These feather-legged beauties are small, only growing up to 22 ounces in most cases.

While they aren’t exceptional layers, only producing around 100 eggs per year, they do lay year-round and go broody quite easily.

7. Sultan Bantam

Sultan Bantam chicken
Eunice [CC BY-SA 2.0]
  • Maximum Size: 1.5 lbs
  • Temperament: Approachable and loving
  • Eggs: Less than 60 per year
  • Meat: Poor quality

The Sultan Bantam is one of America’s favorite ornamental chicken breeds.

With origins dating all the way back to the Ottoman empire, these chickens have a unique style of feathering that covers their entire heads all the way down to their feet.

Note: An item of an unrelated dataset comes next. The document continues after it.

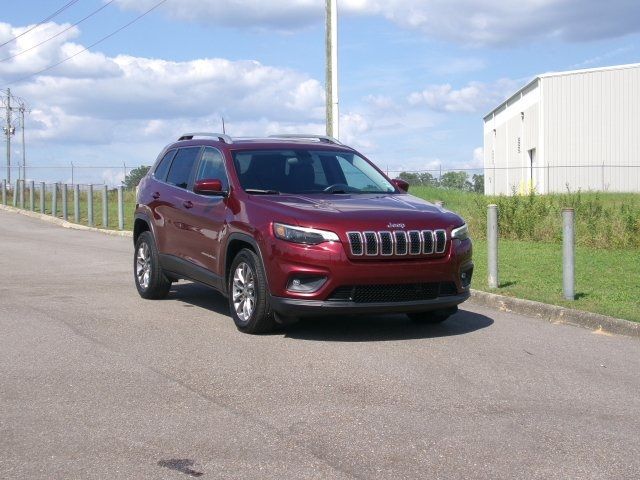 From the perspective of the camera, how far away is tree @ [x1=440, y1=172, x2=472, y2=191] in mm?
39719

They are usually white and their feathers are poofy. Interestingly, they have five toes instead of the standard four!

What’s truly unique about these chickens is that it’s not only their heads that are white – but their beaks are white, too!

These chickens have pinkish-red combs and make excellent show birds due to their calm, relaxed demeanor.

These chickens are not spectacular layers, only producing about one tiny egg each week.

They are also not known to be broody. However, they make great pets and will easily come up to you for a quick cuddle.

8. Japanese Bantam

  • Maximum Size: Less than 2 lbs
  • Temperament: Shy
  • Eggs: Fewer than 60 per year
  • Meat: Minimal

Japanese Bantams are quite interesting to look at, as it always appears as though they are squatting.

These chickens have exceptionally short legs and are a true Bantam breed.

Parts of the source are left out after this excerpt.